■ **RECORDED DATA**:
........

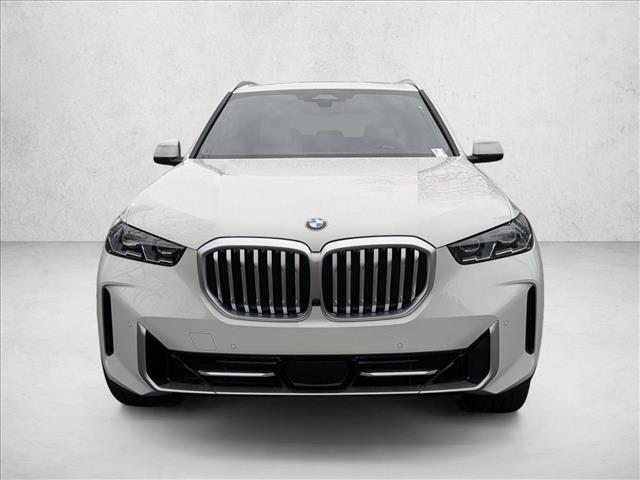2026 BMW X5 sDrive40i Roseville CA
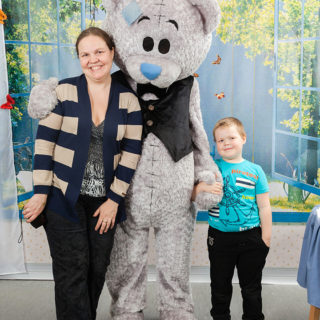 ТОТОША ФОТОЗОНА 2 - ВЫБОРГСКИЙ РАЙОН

........

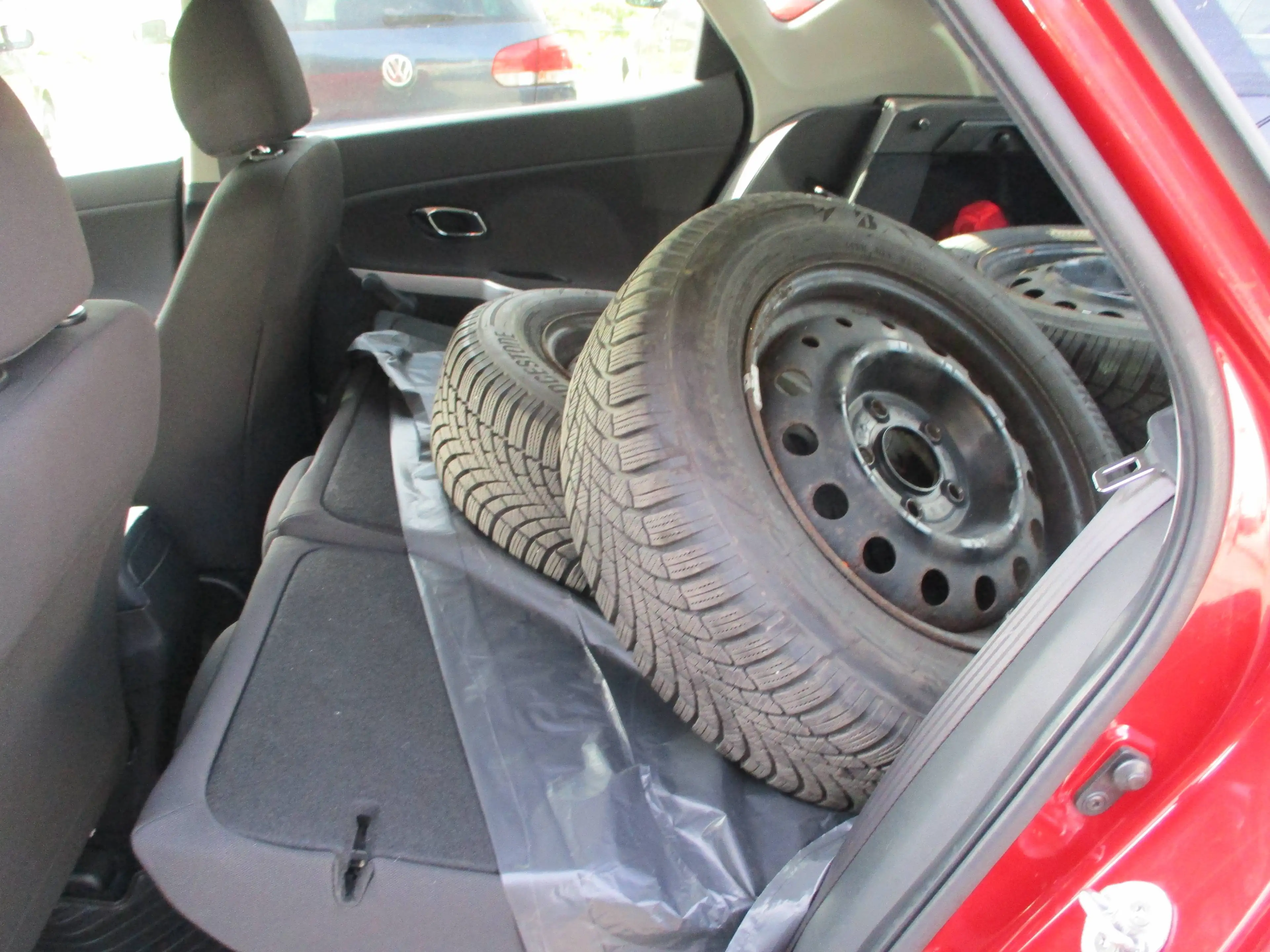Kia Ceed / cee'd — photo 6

........

■ **DESCRIPTION OF THE TASK**:
The answer is the lines above from the one with "2026 BMW X5 sDrive40i Roseville CA" to the one with "ТОТОША ФОТОЗОНА 2 - ВЫБОРГСКИЙ РАЙОН", set down exactly, with no pictures.

■ **PROBLEM SOLUTION**:
2026 BMW X5 sDrive40i Roseville CA
 ТОТОША ФОТОЗОНА 2 - ВЫБОРГСКИЙ РАЙОН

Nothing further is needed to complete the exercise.